Further development of such means of exchange like gold and silver gave rise to metal coins and consequently paper money which became very popular and common in stabilized and grown economies. This was actually introduced in the middle Ages and forms the basis of the today’s modern means of exchange.
Inadequate and uneven supply of paper money, because of lack of backing by gold resulted in a mammoth inflation and various other problems. Consequently, foreign exchange virtually became inaccessible and useless. Therefore, foreign exchange controls and organizations were set up to overlook the economies breaching the laws and regulations of paper money supply and setting the standards as well. This lowered down the irresponsibility of economies to print paper money according to their wish.
Later, after the World War II many organizations were settled up to overlook and control the world’s money and setting rules and regulations for it.
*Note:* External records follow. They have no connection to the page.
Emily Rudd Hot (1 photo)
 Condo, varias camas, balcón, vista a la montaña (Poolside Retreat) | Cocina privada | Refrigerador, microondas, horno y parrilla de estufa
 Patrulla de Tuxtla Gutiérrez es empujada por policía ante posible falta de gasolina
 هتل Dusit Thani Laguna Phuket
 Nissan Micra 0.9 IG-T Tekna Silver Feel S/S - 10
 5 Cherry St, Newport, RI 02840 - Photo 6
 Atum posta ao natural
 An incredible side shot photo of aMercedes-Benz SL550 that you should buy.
Organizations like International Monetary Fund (IMF), World Bank, General Agreement on Tariffs and Trade were established to strictly enforce some rulings to the world’s money. These organizations helped stabilize the world’s money which was one of the reasons for the war. The agreement of Bretton Woods initiated in July 1944. This agreement finally resulted in the proposal of fixed exchange rates throughout the countries of the world with respect to US Dollar. But the idea of this agreement could not live longer and the system introduced by European Economic Community was launched. Events took place in the first half of 20th century were also the reasons for the devaluation and destabilization of the US backed exchange rate.
Even after facing so much hurdles and bumpy scenario, commercial companies had face much stabilized and reliable currency environment in past and financial institutions are playing very active role in today’s currency stabilization and foreign exchange rate.